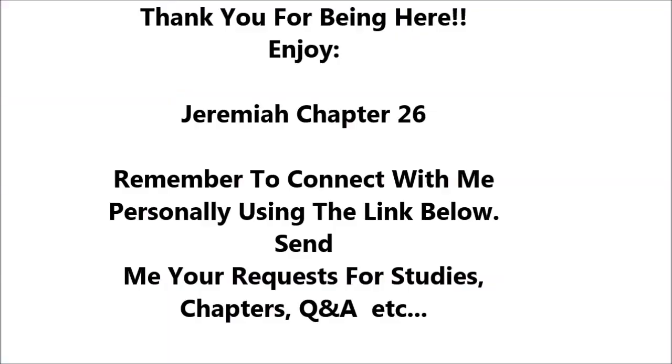Jeremiah 26. In the beginning of the reign of Jehoiakim, the son of Josiah, king of Judah, this word came from the Lord.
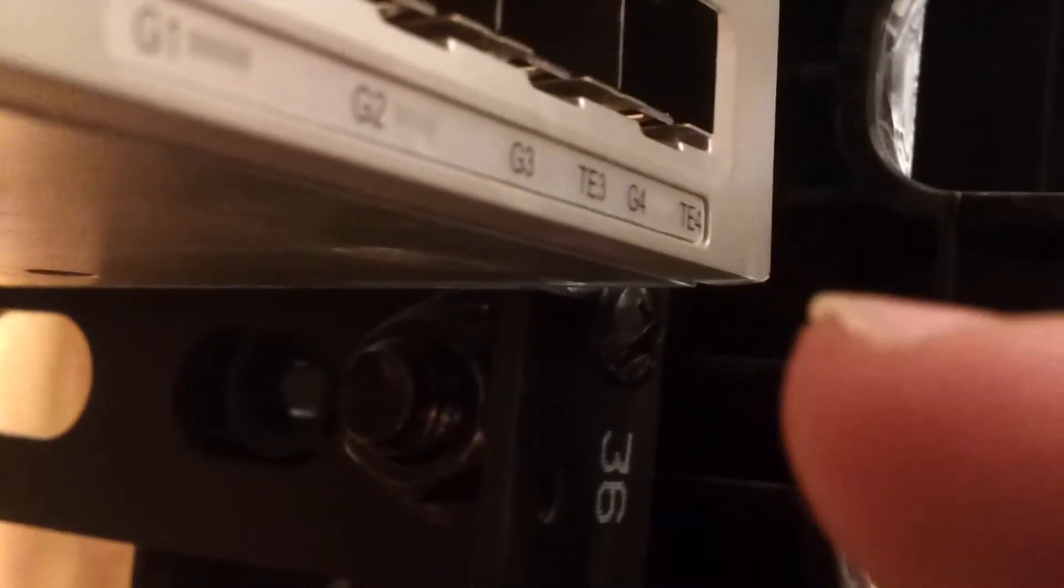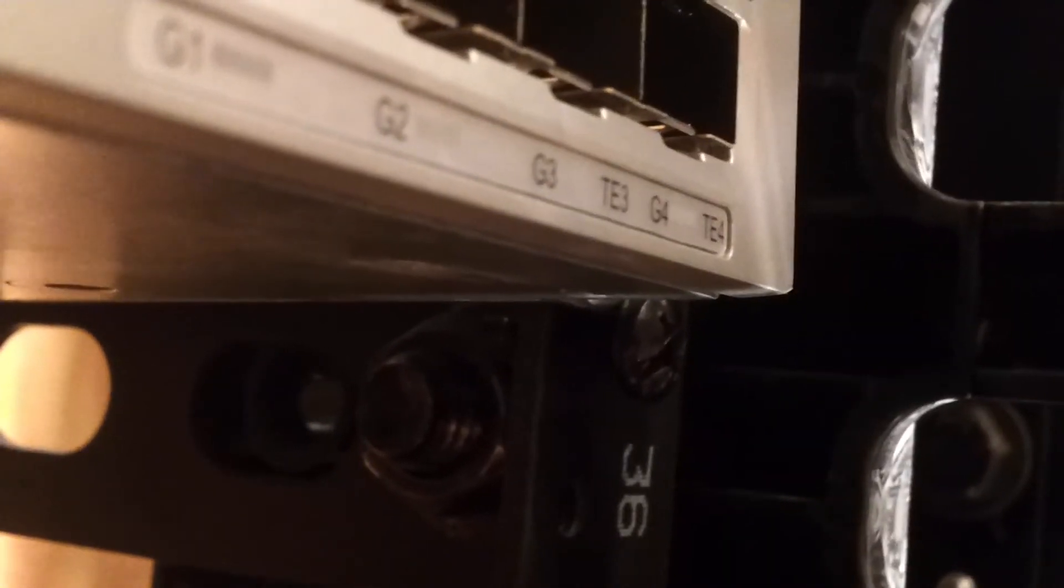So that means I want to put the screw in the bottom first so the bottom doesn't tilt out. If I did the top, that's what's going to happen - it's a pivot point and the whole thing will swing out. So make sure you put the screw on the bottom first.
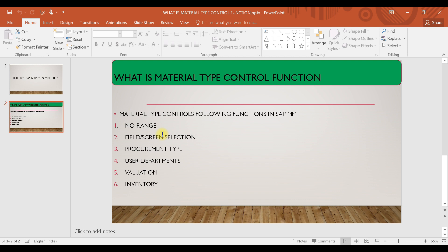So these are some of the control functions of material type. I hope it is clear to you. If you have any doubts, you can ask in the comments. You will find this document on LinkedIn or WhatsApp. You can follow either to get this document. That's it for today — let's meet again tomorrow. Till then, bye bye and take care.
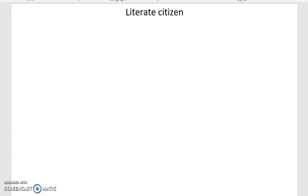Bismillahirrahmanirrahim, assalamualaikum warahmatullahi wabarakatuh. Here we are again in the YouTube video. Alright, let us start our class with umul kitab al-Fatiha.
###
Copy out all the data without changing anything, and drop the pictures.

Jeremiah 26. In the beginning of the reign of Jehoiakim, the son of Josiah, king of Judah, this word came from the Lord.
So that means I want to put the screw in the bottom first so the bottom doesn't tilt out. If I did the top, that's what's going to happen - it's a pivot point and the whole thing will swing out. So make sure you put the screw on the bottom first.
So these are some of the control functions of material type. I hope it is clear to you. If you have any doubts, you can ask in the comments. You will find this document on LinkedIn or WhatsApp. You can follow either to get this document. That's it for today — let's meet again tomorrow. Till then, bye bye and take care.
Bismillahirrahmanirrahim, assalamualaikum warahmatullahi wabarakatuh. Here we are again in the YouTube video. Alright, let us start our class with umul kitab al-Fatiha.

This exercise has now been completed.